To do ▸
Repeat the data exactly, leaving out any image.

Data for processing ▸
────────────────────

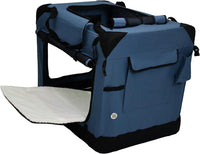 EliteField 4-Door Folding Soft Dog Crate with Curtains – Essentials for Dogs - Blue Gray / 36.0"L x 24.0"W x 28.0"H - image 3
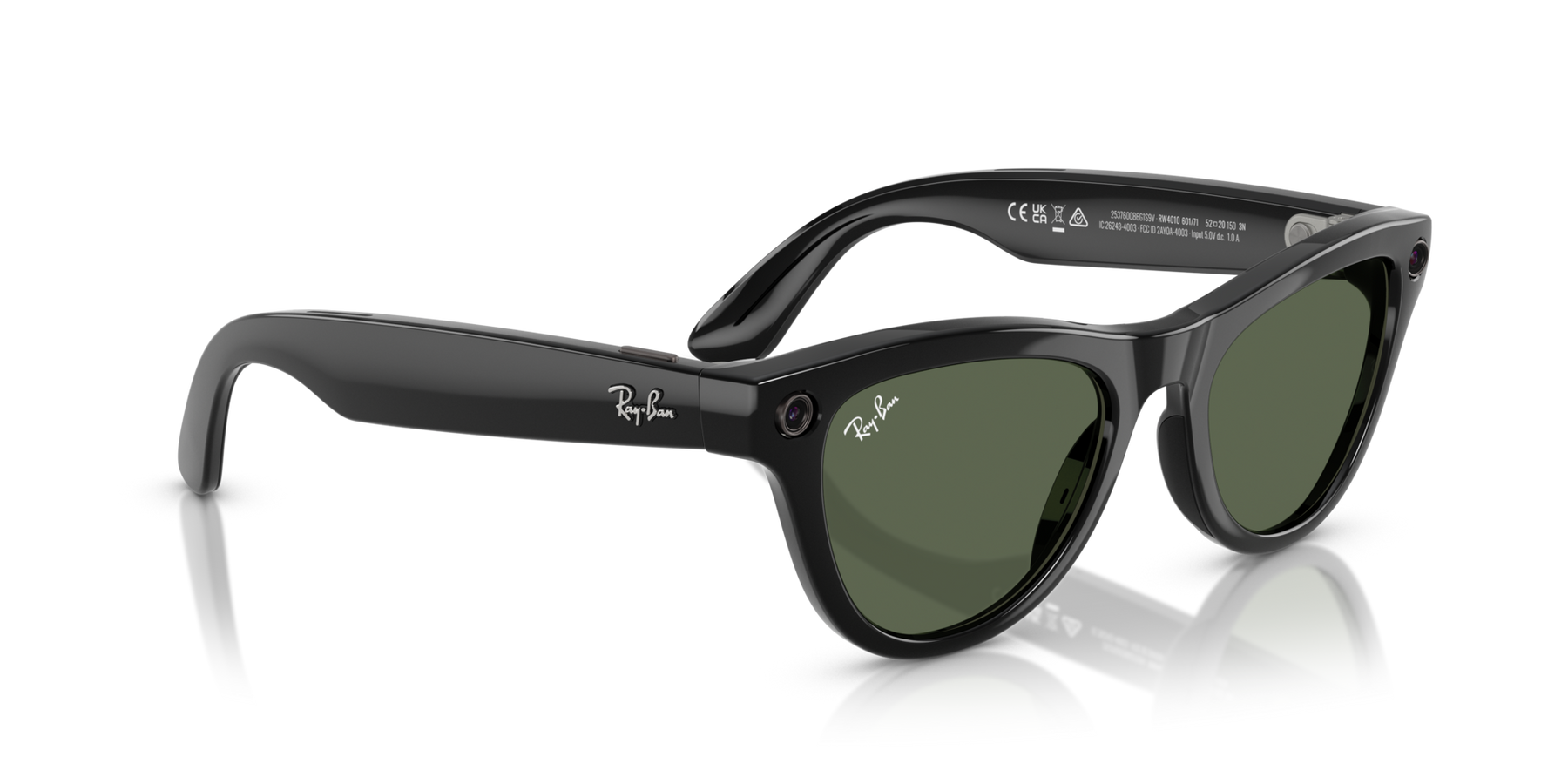 Ray-Ban Meta AI Skyler Cat Eye Smart Eyewear Sunglass Shiny Black RW4010 Green G15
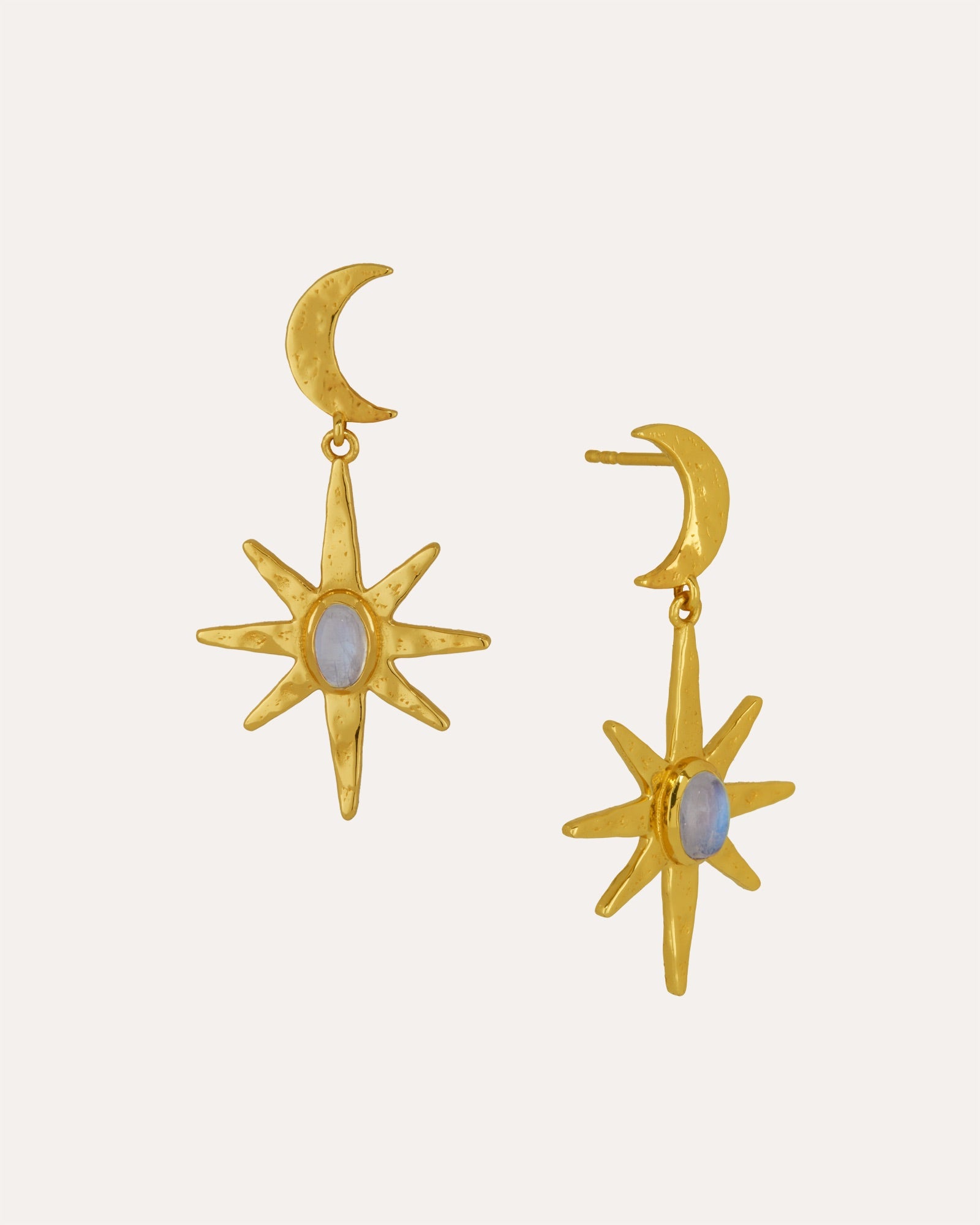 Moonstone Star Drop Earrings | Sustainable Jewellery by Ottoman Hands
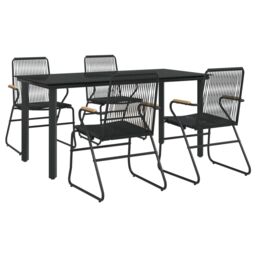 Berkfield Home 5 Piece Garden Dining Set Black PVC Rattan - thumbnail 3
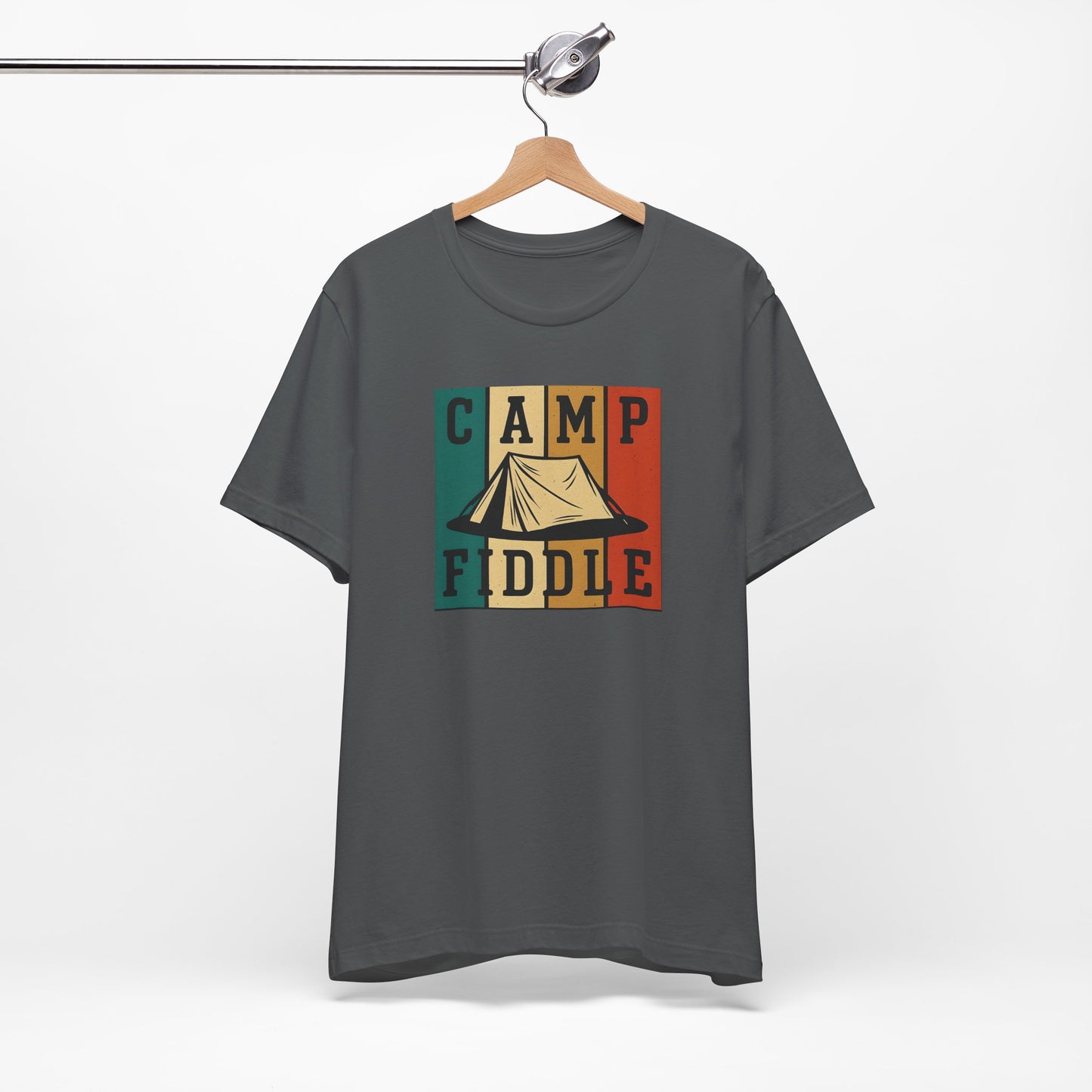Camp Fiddle Unisex Jersey Tee, Outdoor Adventure Shirt, Camping T-Shirt, Family Camp Shirt, Summer Fun Apparel, Nature Lover Gift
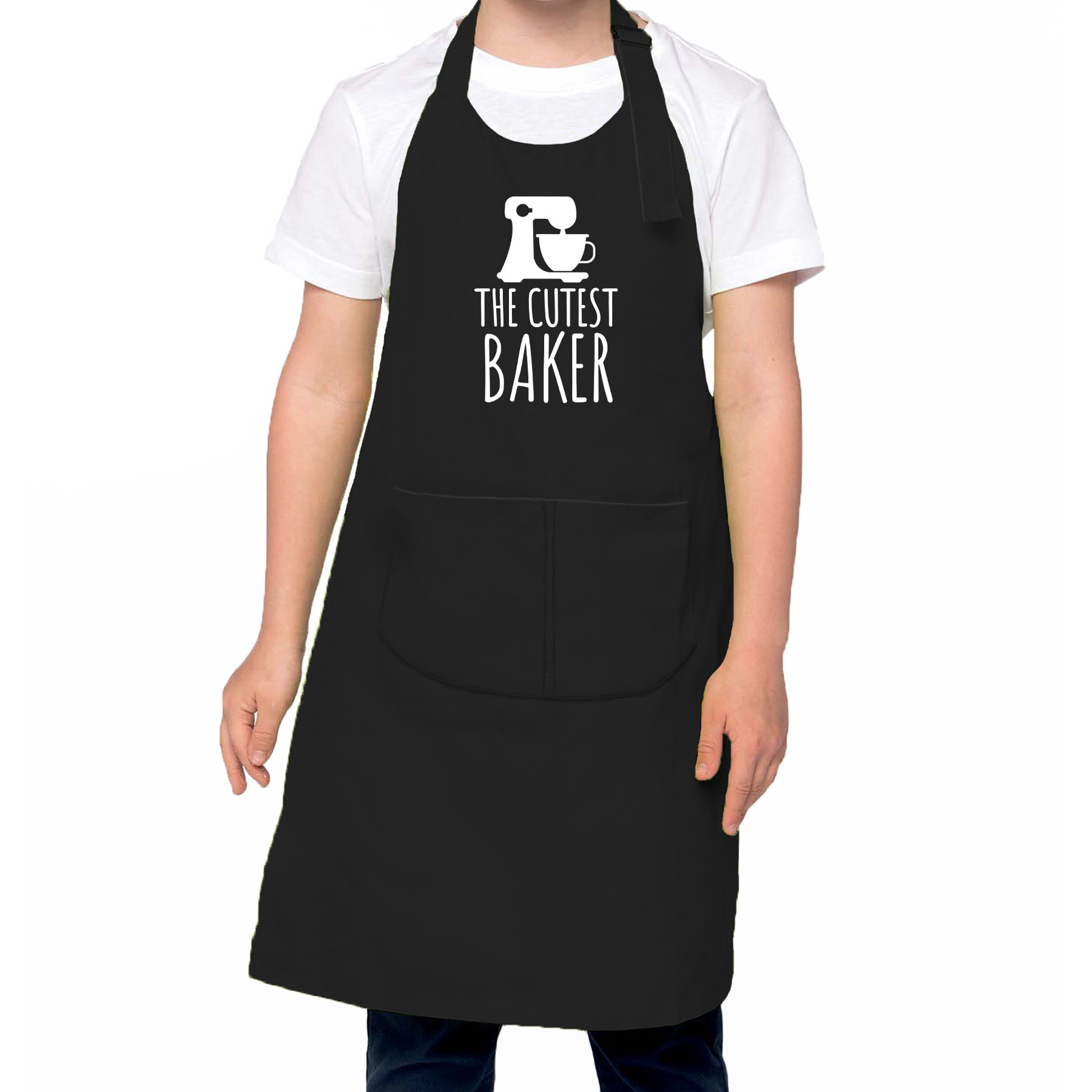 The cutest baker keukenschort- kinder bakschort zwart voor jongens en meisjes Bakken met kinderen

────────────────────

Written solution ▸
 EliteField 4-Door Folding Soft Dog Crate with Curtains – Essentials for Dogs - Blue Gray / 36.0"L x 24.0"W x 28.0"H - image 3
 Ray-Ban Meta AI Skyler Cat Eye Smart Eyewear Sunglass Shiny Black RW4010 Green G15
 Moonstone Star Drop Earrings | Sustainable Jewellery by Ottoman Hands
 Berkfield Home 5 Piece Garden Dining Set Black PVC Rattan - thumbnail 3
Camp Fiddle Unisex Jersey Tee, Outdoor Adventure Shirt, Camping T-Shirt, Family Camp Shirt, Summer Fun Apparel, Nature Lover Gift
 The cutest baker keukenschort- kinder bakschort zwart voor jongens en meisjes Bakken met kinderen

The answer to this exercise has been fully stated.